If you look at page 4 of the datasheet there's a table of absolute maximum ratings, it also lists the maximum Enable Pin source current as being 100μA.

This means to stay under 1.2V you should certainly keep any resistor to ground below 12k. I'd prefer a smaller one, to be certain, such as 10k.

With a bit more headroom even (and sub 1mA current at "ON" state) you could calculate for 8k2 lower resistor. This would give you: 100μA * 8200 Ohm = 0.82V if the EN pin is the only one sourcing.

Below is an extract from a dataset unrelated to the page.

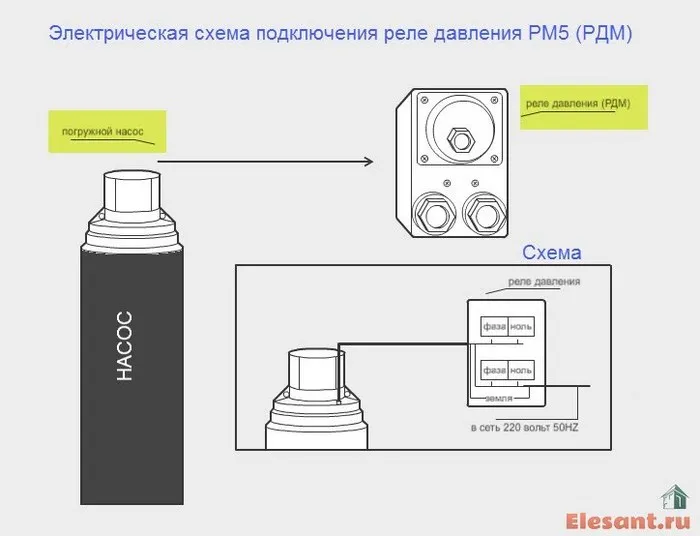 elektricheskaya skhema podklyucheniya rele davleniya RM5 RDM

This means, that you want, let's say 4V on your EN pin when INH is turned on, because you never dimension for ideal case, you may have power spikes. So even 4V might be too high, but that would depend on your power supply stability and reliability. You can take the Absolute Worst Case Maximum supply voltage and use that for a 5V calculation and then check if at lowest supply the EN will still go a few tenths of volts above 1.2V

which means you calculate for a current of:

4V / 8200 Ohm =~ 487μA

Now, you'd be tempted to subtract the full 100μA from that, and it'll most likely be perfectly good if you do, but since we don't know if that is honest in this case, as we don't know if the current might already be dropping off at that point. It is however safe to assume the EN pin will not bias itself above its own safe point and that the source will turn off at or before 5V is reached, since the Datasheet allows floating pin.

For the sake of argument I'll go compromise here and take away 50μA, which makes 437μA.

The upper resistor now needs to take up 32V at 437μA with your supply of 36V and 4V across the bottom resistor, so the top resistor should be:

Rtop = 32V / 437μA = 73091 Ohm.

Since we took away 50μA at a guess we can round up or down, but 75k Ohm standard value is pretty close.

Add a small capacitor for noise and supply glitch problems, since not much is specified for either chip at switch on or off in sense of input/output glitch suppression, and you get:

schematic

simulate this circuit – Schematic created using CircuitLab

Depending on your turn-on-time requirement versus expected noise and glitches the capacitor can be anything between 1nF and 1μF. Maybe even 2μ2 if a dozen or more ms turn-on isn't a problem. Point is, if you design it in, you can easily change it to a higher value or a lower value if the behaviour isn't what you want.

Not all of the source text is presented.